To a certain extent, this fact seems to be paradoxical. The truth is that linguistic expressions considered as such, i.e. from the aspect of their "material", appear either as successions in time of sounds and movements, or as spatial combinations of symbolic forms. To divide these successions of sounds and movements, as well as combinations of symbolic forms, into separate meaningful units so as to present them as definite structures of sign expressions, is possible only by proceeding from their meaning or, more exactly, from that which they denote, that is, their content. Strictly speaking, only the presence of that which is being denoted, or content, transforms these sounds, movements and graphic symbolic forms into signs, whilst a definite order and sequence in the process of denoting creates a structure of linguistic expressions. But this means, in particular, that only the understanding of its content {corres­pondingly, the meaning of signs) gives to man a possibility of exposing the structure of linguistic expressions. In other words, in analysing linguistic expressions according to aspect A (i.e. in terms of their structure) the investigator cannot take a single step without reference to the "sense" (i.e. meaning and content) of the elements of complex linguistic expressions. But, as this "sense" is already clear to everyday awareness and is firmly fixed and defined in the common usage of a language, the division of complex linguistic discourses into elements, as well as the study of their mutual relationships and connec­tions, can  take place  irrespective of investigations into that which represents the nature of "senses" (meaning, contents) of these elements. It is quite sufficient "to know" that such sense exists and "to under­stand" it. To sum up, investigation of the sense structure of complex linguistic discourses, i.e. a research according to aspect A, is possible on the basis of: (1) establishing of "sense" (meaning, content) of each element of linguistic expression and (2) an abstraction from research on the nature of this sense (of meaning, of content). Such an approach is characteristic of traditional Logic, beginning with Aristotle and ending with the very latest "mathematical" trends. This approach forms "a practical basis" for the principle of parallelism.


Investigation of the structure of complex linguistic expressions used to be accomplished on the basis of the above approach belonging to traditional Logic.

Now, to complete the picture, it is important for us to note that this approach has by no means embraced the whole domain of dis­courses existing in Science and in everyday life. From their diversity Aristotle had isolated one narrow group of so-called "necessary" deduc­tions, and depicted this group in various kinds of "syllogisms". Beyond the domain which was thus educed, there remained (and, basically, still remain): firstly, all expressions containing descriptions of various actions upon objects and phenomena, interactions and alterations in objects themselves and such like,* i.e. all discourses, so to speak, not bound by necessity; secondly, a whole series of "necessary" conclusions which were constructed on the basis of propositions dealing with relation­ships, connections, and on the basis of arithmetical correlations, etc.

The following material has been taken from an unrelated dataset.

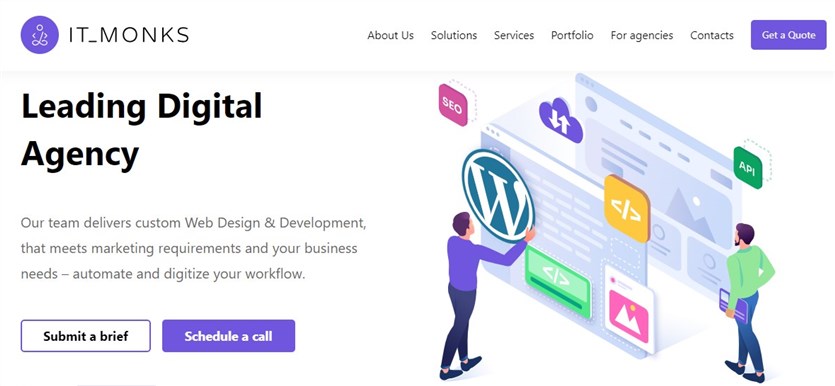 Screenshot of the IT Monks web development agency homepage.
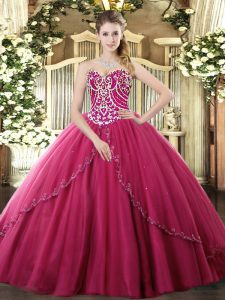 Elegant Ball Gowns Sleeveless Hot Pink Quinceanera Gown Brush Train Lace Up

It is also necessary to emphasize that the eduction of the structure of "syllogistic" propositions and descriptions of the mechanics of their formal transformation was not dependent upon the analysis of structure in the domain of content. It was sufficient-on the basis of understanding the sense of various linguistic expressions to distinguish the relationship of "inherence" or "inclusion" among all other relationships which are encountered in propositions of a language, and thereupon, in orientating oneself on this relationship preserved everywhere, to compare the initial and the final propositions for revealing elements undergoing change.

With such a comparison it is not difficult to see that this transformation of a pair of propositions into one is simply a "discarding" or "eliminating" of the mediating term. And this becomes especially apparent if one writes out the propositions in a line: A-------B, B-------C, indeed, it was the way in which they were written out by Aristotle and, therefore, it is not by accident that the "the eliminated" term is called by him "the medial".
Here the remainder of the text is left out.